• _Exercise brief_
Set out exactly every line of the entries below, starting at the line that holds "3220 Bayview Drive" and stopping after the line that holds "Additional image 4".

(Data in this exercise begins)

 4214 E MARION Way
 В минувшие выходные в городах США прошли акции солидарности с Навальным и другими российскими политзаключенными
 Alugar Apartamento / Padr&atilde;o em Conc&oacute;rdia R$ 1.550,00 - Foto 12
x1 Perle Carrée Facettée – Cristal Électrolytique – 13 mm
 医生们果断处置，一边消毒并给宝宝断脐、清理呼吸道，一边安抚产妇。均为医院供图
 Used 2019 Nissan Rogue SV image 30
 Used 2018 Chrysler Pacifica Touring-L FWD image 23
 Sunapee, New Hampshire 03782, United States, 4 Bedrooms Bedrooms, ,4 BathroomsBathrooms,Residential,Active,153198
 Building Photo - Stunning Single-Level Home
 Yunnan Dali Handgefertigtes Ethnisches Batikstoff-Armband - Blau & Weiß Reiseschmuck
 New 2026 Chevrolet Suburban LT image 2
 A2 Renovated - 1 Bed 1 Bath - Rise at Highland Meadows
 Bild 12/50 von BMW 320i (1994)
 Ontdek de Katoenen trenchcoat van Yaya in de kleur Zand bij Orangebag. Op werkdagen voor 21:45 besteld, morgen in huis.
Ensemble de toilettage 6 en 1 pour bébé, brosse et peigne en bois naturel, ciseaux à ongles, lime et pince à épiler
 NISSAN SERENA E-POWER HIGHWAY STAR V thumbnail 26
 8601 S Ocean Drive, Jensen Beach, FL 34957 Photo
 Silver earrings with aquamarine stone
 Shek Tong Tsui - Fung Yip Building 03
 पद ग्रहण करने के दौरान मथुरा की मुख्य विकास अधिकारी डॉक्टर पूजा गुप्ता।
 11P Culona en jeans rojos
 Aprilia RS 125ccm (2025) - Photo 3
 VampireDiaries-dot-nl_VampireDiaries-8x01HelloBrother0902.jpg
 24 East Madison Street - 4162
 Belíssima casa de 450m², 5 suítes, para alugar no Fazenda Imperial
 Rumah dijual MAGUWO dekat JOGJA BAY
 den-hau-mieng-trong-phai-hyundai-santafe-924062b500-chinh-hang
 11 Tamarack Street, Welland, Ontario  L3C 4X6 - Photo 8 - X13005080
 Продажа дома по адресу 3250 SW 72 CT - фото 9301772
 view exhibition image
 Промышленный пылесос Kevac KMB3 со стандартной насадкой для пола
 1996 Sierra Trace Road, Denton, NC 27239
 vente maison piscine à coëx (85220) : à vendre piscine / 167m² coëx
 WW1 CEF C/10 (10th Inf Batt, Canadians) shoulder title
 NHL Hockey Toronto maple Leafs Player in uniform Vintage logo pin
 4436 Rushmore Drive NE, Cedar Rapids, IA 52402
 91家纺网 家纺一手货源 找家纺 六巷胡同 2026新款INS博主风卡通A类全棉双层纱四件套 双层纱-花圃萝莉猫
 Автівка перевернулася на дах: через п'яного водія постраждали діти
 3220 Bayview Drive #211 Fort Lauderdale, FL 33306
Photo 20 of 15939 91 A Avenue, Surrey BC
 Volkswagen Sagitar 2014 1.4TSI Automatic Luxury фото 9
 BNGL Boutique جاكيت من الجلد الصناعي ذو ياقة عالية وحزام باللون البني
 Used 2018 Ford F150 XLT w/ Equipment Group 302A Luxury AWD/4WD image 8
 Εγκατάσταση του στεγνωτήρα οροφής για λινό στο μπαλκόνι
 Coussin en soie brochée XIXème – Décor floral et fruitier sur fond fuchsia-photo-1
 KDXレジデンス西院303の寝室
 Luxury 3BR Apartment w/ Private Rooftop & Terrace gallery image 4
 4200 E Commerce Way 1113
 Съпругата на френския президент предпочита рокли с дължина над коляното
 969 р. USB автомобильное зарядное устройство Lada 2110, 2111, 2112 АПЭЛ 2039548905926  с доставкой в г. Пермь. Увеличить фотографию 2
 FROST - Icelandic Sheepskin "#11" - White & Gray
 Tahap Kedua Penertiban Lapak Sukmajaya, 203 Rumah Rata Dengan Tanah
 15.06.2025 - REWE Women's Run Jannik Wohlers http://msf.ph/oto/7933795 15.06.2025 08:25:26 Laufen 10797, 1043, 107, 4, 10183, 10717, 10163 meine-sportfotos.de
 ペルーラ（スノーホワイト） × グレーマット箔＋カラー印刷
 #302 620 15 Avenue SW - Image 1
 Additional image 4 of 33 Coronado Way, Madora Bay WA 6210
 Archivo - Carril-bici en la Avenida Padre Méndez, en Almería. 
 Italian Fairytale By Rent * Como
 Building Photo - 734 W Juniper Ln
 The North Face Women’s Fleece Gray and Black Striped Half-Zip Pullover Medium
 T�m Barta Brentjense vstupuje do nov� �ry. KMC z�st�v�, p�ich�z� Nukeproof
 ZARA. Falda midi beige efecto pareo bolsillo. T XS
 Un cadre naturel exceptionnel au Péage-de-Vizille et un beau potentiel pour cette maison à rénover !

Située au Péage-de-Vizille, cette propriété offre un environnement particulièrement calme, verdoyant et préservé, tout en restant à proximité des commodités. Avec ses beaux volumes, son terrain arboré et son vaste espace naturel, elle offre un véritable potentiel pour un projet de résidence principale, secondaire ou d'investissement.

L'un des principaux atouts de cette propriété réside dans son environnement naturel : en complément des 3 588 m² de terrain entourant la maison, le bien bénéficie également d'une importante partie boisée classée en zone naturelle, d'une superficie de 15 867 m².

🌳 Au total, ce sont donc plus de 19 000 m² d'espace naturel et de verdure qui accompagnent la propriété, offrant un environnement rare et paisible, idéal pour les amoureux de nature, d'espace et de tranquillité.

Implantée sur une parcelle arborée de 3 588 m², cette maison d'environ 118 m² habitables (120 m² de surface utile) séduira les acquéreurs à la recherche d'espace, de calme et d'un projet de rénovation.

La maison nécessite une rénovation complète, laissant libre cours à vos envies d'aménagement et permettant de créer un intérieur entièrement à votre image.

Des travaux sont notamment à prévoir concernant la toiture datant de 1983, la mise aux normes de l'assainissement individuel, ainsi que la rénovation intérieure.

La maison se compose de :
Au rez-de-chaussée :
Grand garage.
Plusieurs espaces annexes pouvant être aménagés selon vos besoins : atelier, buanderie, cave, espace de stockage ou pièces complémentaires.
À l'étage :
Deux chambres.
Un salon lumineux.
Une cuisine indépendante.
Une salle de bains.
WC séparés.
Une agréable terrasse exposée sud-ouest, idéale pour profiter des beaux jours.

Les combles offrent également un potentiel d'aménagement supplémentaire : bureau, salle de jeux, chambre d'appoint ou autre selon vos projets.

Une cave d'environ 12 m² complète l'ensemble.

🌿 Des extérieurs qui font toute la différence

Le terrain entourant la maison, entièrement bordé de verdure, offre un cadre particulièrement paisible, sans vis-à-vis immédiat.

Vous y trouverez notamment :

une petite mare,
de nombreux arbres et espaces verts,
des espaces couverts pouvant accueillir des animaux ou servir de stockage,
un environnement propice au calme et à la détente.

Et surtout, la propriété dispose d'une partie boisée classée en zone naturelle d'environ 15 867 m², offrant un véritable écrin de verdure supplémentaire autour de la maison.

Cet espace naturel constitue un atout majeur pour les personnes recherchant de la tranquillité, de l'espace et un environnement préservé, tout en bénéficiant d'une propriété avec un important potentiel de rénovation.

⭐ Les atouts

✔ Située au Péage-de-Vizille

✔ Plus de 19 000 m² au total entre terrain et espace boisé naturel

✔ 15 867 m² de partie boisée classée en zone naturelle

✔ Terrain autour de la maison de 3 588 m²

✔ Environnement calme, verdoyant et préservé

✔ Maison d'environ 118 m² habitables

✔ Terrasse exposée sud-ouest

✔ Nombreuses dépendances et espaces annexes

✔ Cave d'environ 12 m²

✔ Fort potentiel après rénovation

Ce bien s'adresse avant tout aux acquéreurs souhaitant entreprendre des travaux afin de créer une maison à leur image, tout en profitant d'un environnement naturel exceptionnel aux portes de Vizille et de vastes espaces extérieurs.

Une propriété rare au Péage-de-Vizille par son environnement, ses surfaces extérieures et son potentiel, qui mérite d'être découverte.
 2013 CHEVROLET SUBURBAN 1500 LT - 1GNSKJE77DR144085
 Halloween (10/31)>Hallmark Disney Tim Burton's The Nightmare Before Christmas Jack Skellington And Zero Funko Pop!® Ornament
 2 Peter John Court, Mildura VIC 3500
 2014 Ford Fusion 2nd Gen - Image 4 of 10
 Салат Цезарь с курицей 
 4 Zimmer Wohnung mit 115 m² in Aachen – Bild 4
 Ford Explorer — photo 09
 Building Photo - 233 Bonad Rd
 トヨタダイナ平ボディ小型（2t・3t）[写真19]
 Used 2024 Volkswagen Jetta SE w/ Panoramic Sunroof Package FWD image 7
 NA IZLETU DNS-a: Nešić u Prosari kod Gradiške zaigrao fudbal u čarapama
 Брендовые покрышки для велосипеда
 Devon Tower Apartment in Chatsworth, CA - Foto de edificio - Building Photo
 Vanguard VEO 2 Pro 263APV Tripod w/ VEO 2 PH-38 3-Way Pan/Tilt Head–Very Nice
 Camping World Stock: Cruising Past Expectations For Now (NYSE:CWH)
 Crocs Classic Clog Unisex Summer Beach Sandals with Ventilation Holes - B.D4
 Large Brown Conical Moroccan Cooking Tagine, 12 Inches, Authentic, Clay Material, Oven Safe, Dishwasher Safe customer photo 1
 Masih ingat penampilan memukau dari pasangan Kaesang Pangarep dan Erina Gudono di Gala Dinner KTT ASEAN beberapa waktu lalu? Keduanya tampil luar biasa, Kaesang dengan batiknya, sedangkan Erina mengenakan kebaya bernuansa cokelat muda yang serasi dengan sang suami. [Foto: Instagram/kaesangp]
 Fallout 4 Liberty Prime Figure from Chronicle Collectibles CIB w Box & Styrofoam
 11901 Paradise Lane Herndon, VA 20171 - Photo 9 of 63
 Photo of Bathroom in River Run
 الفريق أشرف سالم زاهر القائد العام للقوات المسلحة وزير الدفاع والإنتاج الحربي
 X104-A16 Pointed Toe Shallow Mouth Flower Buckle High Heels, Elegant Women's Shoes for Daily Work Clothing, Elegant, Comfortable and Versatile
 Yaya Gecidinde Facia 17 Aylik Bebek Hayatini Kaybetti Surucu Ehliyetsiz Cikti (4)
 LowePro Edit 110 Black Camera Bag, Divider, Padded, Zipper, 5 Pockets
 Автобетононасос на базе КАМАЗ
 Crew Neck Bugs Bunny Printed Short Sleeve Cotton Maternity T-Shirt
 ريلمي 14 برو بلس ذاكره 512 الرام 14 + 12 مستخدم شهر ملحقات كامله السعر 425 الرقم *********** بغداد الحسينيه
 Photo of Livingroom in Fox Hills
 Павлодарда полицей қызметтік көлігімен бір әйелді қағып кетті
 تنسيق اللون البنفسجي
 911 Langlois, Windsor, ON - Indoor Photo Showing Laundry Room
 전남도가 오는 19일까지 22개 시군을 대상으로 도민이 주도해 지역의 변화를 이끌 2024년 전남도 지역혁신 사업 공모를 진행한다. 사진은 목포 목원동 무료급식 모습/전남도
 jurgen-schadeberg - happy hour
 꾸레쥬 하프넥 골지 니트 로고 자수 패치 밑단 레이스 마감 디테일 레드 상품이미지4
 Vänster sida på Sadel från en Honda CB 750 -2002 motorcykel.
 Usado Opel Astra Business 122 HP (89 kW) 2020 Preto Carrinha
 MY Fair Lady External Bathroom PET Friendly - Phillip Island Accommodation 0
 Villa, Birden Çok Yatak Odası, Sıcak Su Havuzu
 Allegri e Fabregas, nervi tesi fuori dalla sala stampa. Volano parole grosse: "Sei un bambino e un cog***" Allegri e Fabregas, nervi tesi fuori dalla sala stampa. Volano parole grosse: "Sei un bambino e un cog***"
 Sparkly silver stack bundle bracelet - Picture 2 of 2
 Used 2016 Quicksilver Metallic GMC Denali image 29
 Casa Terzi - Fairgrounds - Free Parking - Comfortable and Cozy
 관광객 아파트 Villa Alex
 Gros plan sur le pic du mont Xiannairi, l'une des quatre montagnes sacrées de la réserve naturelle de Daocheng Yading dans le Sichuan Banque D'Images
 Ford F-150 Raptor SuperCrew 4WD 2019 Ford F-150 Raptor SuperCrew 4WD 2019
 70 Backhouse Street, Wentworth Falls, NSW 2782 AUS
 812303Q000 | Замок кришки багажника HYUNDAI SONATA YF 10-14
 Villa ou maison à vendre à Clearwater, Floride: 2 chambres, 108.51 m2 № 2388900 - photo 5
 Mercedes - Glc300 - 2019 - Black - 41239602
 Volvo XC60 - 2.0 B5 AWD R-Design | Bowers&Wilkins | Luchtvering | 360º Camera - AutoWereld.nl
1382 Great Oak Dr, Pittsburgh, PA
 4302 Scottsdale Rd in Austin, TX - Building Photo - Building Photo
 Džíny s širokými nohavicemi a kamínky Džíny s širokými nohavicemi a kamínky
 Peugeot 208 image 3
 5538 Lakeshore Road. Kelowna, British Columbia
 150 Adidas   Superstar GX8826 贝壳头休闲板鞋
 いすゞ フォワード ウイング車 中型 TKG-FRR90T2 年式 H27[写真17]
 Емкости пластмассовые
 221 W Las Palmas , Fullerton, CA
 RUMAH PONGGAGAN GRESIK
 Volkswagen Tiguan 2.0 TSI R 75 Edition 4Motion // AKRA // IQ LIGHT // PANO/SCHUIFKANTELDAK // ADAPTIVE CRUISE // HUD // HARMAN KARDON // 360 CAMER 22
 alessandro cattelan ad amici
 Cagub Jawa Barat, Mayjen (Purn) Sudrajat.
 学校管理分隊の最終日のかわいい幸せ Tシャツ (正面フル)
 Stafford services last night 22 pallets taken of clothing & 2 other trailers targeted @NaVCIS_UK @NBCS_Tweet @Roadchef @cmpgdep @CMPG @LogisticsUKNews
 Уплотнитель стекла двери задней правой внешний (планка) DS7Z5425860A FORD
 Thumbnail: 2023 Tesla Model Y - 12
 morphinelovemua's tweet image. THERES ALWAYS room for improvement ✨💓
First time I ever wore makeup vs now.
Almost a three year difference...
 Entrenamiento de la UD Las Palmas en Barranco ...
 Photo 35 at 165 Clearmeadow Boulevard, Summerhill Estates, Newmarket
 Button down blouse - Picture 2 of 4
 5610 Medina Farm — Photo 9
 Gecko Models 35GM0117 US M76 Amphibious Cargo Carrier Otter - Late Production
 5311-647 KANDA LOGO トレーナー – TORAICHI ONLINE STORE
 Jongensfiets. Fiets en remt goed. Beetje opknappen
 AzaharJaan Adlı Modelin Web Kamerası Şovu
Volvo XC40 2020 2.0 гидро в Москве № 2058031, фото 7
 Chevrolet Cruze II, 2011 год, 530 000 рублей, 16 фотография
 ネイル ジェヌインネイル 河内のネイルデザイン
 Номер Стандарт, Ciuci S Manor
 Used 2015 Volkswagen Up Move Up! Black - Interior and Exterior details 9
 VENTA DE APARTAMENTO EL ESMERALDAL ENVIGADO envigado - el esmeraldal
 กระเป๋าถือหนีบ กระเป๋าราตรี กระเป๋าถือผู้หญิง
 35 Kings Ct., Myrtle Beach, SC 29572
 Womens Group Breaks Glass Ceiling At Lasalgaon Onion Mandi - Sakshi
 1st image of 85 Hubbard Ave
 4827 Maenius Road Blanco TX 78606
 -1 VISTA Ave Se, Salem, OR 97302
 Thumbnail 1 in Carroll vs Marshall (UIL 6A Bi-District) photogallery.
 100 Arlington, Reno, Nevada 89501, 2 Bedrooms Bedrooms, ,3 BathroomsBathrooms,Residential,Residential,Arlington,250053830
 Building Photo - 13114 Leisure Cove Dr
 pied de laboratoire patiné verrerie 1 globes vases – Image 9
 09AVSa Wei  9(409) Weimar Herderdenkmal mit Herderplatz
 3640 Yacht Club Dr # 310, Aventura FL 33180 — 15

(Data in this exercise ends)

• _Expected answer_
 3220 Bayview Drive #211 Fort Lauderdale, FL 33306
Photo 20 of 15939 91 A Avenue, Surrey BC
 Volkswagen Sagitar 2014 1.4TSI Automatic Luxury фото 9
 BNGL Boutique جاكيت من الجلد الصناعي ذو ياقة عالية وحزام باللون البني
 Used 2018 Ford F150 XLT w/ Equipment Group 302A Luxury AWD/4WD image 8
 Εγκατάσταση του στεγνωτήρα οροφής για λινό στο μπαλκόνι
 Coussin en soie brochée XIXème – Décor floral et fruitier sur fond fuchsia-photo-1
 KDXレジデンス西院303の寝室
 Luxury 3BR Apartment w/ Private Rooftop & Terrace gallery image 4
 4200 E Commerce Way 1113
 Съпругата на френския президент предпочита рокли с дължина над коляното
 969 р. USB автомобильное зарядное устройство Lada 2110, 2111, 2112 АПЭЛ 2039548905926  с доставкой в г. Пермь. Увеличить фотографию 2
 FROST - Icelandic Sheepskin "#11" - White & Gray
 Tahap Kedua Penertiban Lapak Sukmajaya, 203 Rumah Rata Dengan Tanah
 15.06.2025 - REWE Women's Run Jannik Wohlers http://msf.ph/oto/7933795 15.06.2025 08:25:26 Laufen 10797, 1043, 107, 4, 10183, 10717, 10163 meine-sportfotos.de
 ペルーラ（スノーホワイト） × グレーマット箔＋カラー印刷
 #302 620 15 Avenue SW - Image 1
 Additional image 4 of 33 Coronado Way, Madora Bay WA 6210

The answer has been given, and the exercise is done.